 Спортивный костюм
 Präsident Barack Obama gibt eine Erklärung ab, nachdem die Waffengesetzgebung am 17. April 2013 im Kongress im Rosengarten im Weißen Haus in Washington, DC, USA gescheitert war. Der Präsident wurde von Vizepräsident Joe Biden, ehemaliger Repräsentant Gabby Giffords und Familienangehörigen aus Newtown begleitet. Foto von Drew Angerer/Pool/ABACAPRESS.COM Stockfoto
---
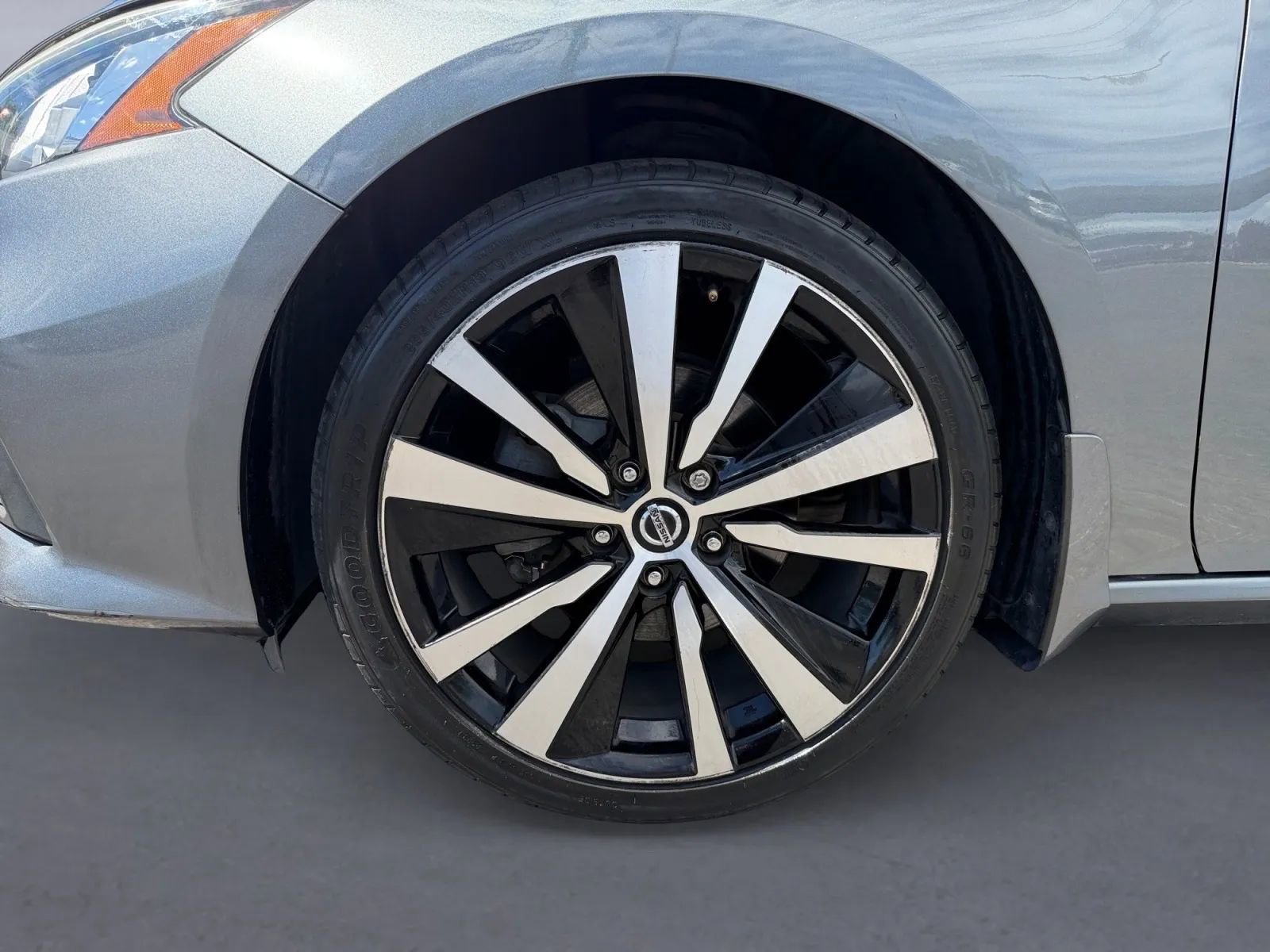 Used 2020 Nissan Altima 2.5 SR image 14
==
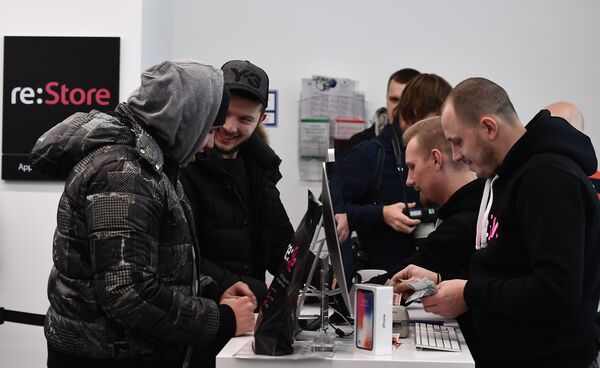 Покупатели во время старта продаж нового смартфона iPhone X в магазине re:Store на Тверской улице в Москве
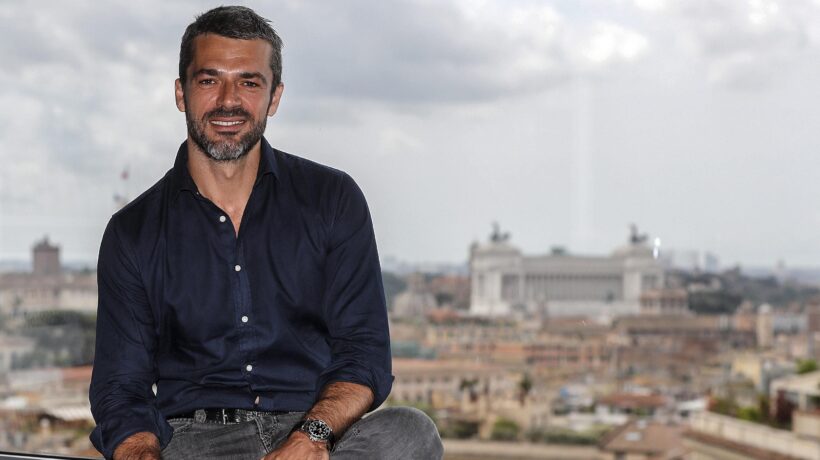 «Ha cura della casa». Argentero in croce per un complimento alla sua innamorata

GOAL OF THE EXERCISE: Above are some records. Output exactly the lines from the one that contains "Покупатели во время" to the one that contains "alla sua innamorata", keeping both, and omit the pictures.

WRITTEN RESPONSE:
 Покупатели во время старта продаж нового смартфона iPhone X в магазине re:Store на Тверской улице в Москве
 «Ha cura della casa». Argentero in croce per un complimento alla sua innamorata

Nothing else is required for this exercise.